REQUIREMENT: Write out every record exactly as it appears. Skip the pictures.

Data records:
====

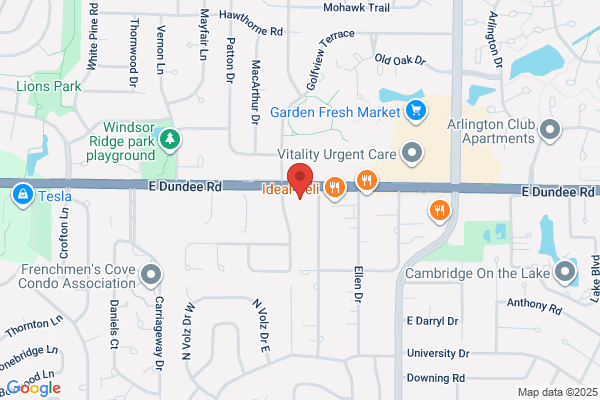Buffalo Grove Eye Care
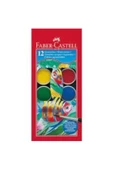 FABER CASTELL 12 Lİ KÜÇÜK SULUBOYA - 1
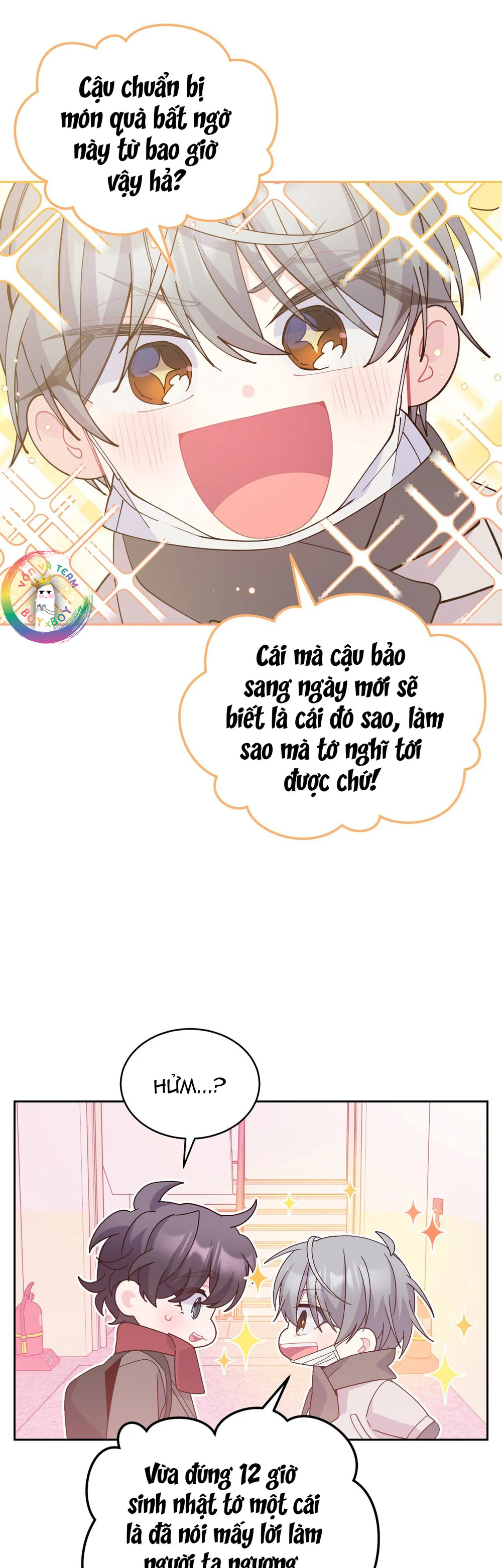 (END) Merry Marbling Chapter 129 Trang 68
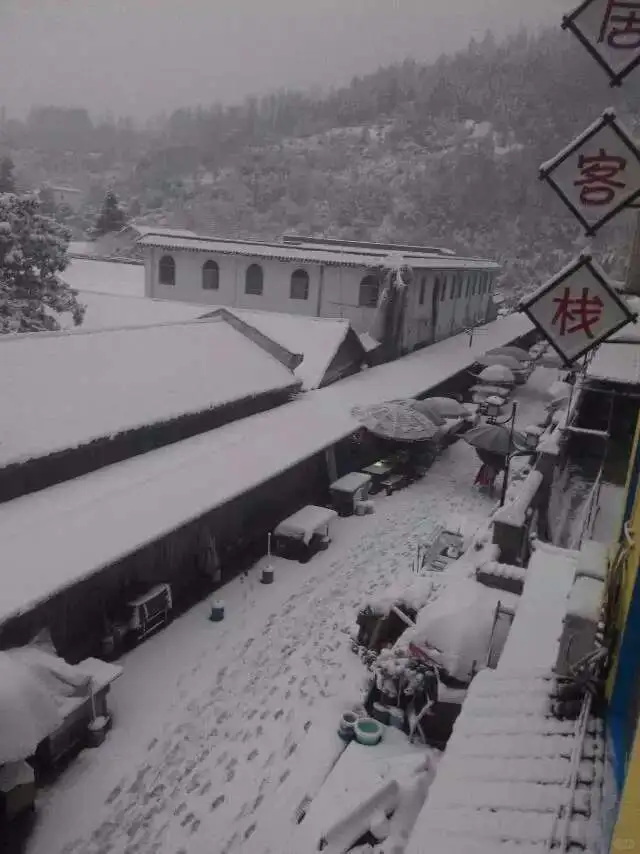 广东人第一次玩雪的记忆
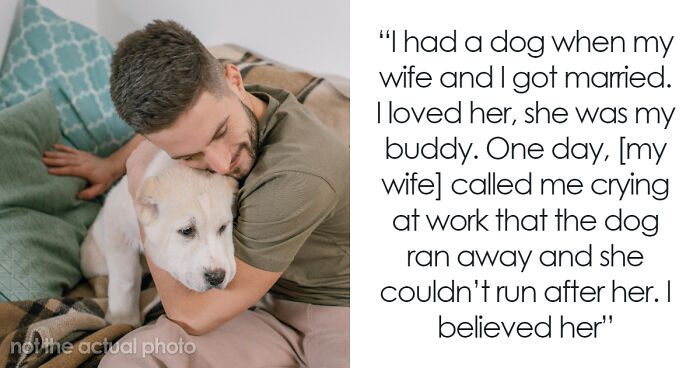 Man Finds Out His Beloved Dog Didn’t Actually Run Away 5 Years Ago, Considers Divorce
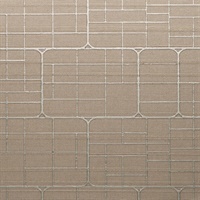 Mechanical Workmanship Textile Wallcovering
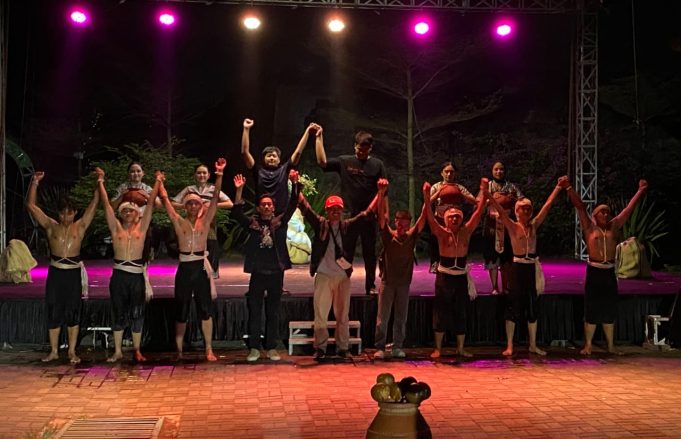 “Dharma Banyu” Dance Drama Revives Ancient Water Filtration Technology of the Banten Sultanate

====

EXPECTED ANSWER:
Buffalo Grove Eye Care
 FABER CASTELL 12 Lİ KÜÇÜK SULUBOYA - 1
 (END) Merry Marbling Chapter 129 Trang 68
 广东人第一次玩雪的记忆
 Man Finds Out His Beloved Dog Didn’t Actually Run Away 5 Years Ago, Considers Divorce
 Mechanical Workmanship Textile Wallcovering
 “Dharma Banyu” Dance Drama Revives Ancient Water Filtration Technology of the Banten Sultanate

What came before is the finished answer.